The standard explicitly allows the implementation to avoid the creation of temporaries, including _R. But how is that done? Actually quite simple. When processing function the compiler knows that Y has as only purpose in life to serve as the seed from which _R is copied, and the lifetimes of the two objects are intimately bound: destruction of Y and construction of _R are basically simultaneous. The compiler can avoid creating two separate objects, and just use the same memory location for both.

The first question that comes to mind, is which object is not created, Y or _R. None, or both of them, or maybe it does not matter. _R cannot be removed from the program, as it is a contract with the callers of the program its location is outside of the control of the compiler when processing the function. But all the code in function uses Y so it cannot be removed either, unless the object called Y inside function is located over the agreed location of the _R object. The single object is both Y and _R.

The case of RVO is similar, in the case where the object that is being returned by the function is a temporary itself (without a name). The fact that the temporary does not have a name does not mean that it does not exist, it will take the place of Y in the discussion above.

When can the compiler apply this optimization

The (unnamed) Return Value Optimization can basically applied mostly anywhere. The creation of the temporary inside function can be done in place of the returned object. In the more complex case of Named-RVO, it all depends on how the function is implemented. Compilers are quite smart and can apply the optimization in many different cases, but not always.
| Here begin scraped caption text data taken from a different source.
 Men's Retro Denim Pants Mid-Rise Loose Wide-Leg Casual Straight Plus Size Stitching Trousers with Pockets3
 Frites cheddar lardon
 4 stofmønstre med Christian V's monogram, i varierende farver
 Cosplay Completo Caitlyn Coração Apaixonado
To perform the optimization, the compiler needs to know that Y will be returned before deciding the location of the object, so that it can match _R. In the most general case, this means that if a function has a single return statement, or all return statements refer to the same named variable (or possibly a temporary), then the compiler can merge Y with _R into a single object.

In this case, the compiler must create both variables X and Y and it must do so before calling should_return_first. Until that function returns the compiler does not know which of the objects is to be returned. It cannot merge either with _R.
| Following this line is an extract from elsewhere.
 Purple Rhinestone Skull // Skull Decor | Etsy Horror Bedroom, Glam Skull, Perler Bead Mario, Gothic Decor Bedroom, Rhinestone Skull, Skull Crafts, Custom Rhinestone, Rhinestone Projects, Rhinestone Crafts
In this last case, there are two local objects might be returned by the function, but the compiler does know which of the two objects will be returned, and can turn the code into the equivalent:

In which in each branch of the if the compiler can place either X or Y in the place of _R (for what matters, the compiler might even be able to avoid the creation of the other variable). Still, your best chance is to keep code simple, create the objects only when you need them and keep your functions simple for the compiler to analyze.

What about the receiving end?

Originally we started with three objects and the compiler optimized with NRVO one of them out. But what about the other? In our program we only need one object, we added a function to factor out some of the complexity into its own reusable piece of code, but we do not want to pay for an extra type object that we do not need.

As with RVO, when processing the caller, and in this particular case where the temporary object _R is used to copy-construct a local object, the compiler can follow the same line of reasoning: since the only purpose of the temporary is to serve as the source for X and the lifetimes only overlap during the copy, it can merge _R with X. Now or program has a single object:


Summing it up

C++ is a language with value semantics, and that means that there might be potentially many objects in your program being copied here and there, in particular across function calls. This does not mean that you should not factor out code into functions, or that you should refactor your function signatures to avoid return copies in favor of references, this might actually have a negative impact in behavior. The compiler is there to help you avoid the costs of copies, and it does a good job at it. Never depend on side effects from copy constructors, as small changes in the code inside a function might allow or inhibit NRVO.

Value semantics is a hot topic in the language, more so with the inclusion of r-value-references and move semantics to the upcoming standard. Expect to read more on the subject.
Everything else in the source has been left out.